1. Composition of Functions

I need help understanding whats going on...

Let f(x)=(x^2)-1 and g(x)=3x.

Find f * g.

1.(f * g)(x)=f(g(x))
2.---------=f(3x)
3.---------=((3x)^2)-1
4.---------=(9x^2)-1

I primarily dont understand line 3. How can 3x((x^2)-1)=((3x)^2)-1 ?

Perhaps you have a better way of explaining.

Trying to teach myself Algebra 2.

2. $\displaystyle f(g(x))=f(3x)=(3x)^2-1=9x^2-1$

3. I can see that. I just dont understand the third line of my original post.

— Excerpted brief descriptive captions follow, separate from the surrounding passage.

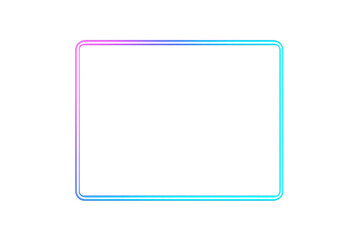 Poster - Luminous neon rectangular border emitting vivid color spectrum, casting futuristic digital light on transparent background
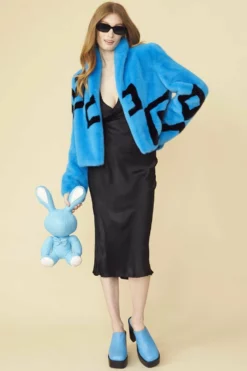 JAYLEY Blue Faux Fur Cropped Jacket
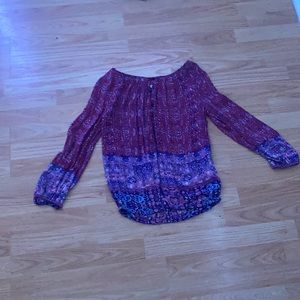 Lucky Brand red pattern shirt woman’s XS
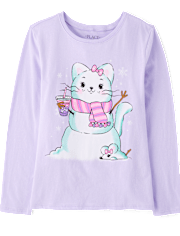 Girls Cat Snowman Graphic Tee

How do they get to that conclusion?

4. $\displaystyle f(3x)$ means that in the function expression $\displaystyle x$ is replaced by $\displaystyle 3x$.
So $\displaystyle f(3x)=(3x)^2-1$, not $\displaystyle 3x^2-1$

5. Originally Posted by ceasar_19134
I need help understanding whats going on...

Let f(x)=(x^2)-1 and g(x)=3x.

Find f * g.
$\displaystyle (f\circ{g})(x)=[g(x)]^2-1$

But $\displaystyle g(x)=3x$, so $\displaystyle (f\circ{g})(x)=(3x)^2-1={\color{blue}9x^2-1}~\blacksquare$

Did you get it now?

6. Okay I get line 3 now, but how did you get (9x)^2 out of (3x)^2?

7. Originally Posted by ceasar_19134
Okay I get line 3 now, but how did you get (9x)^2 out of (3x)^2?
Nobody has got $\displaystyle (9x^2)$ from $\displaystyle (3x^2)$ what they
have done is: $\displaystyle (3x)^2=(3)^2(x)^2=9x^2$

RonL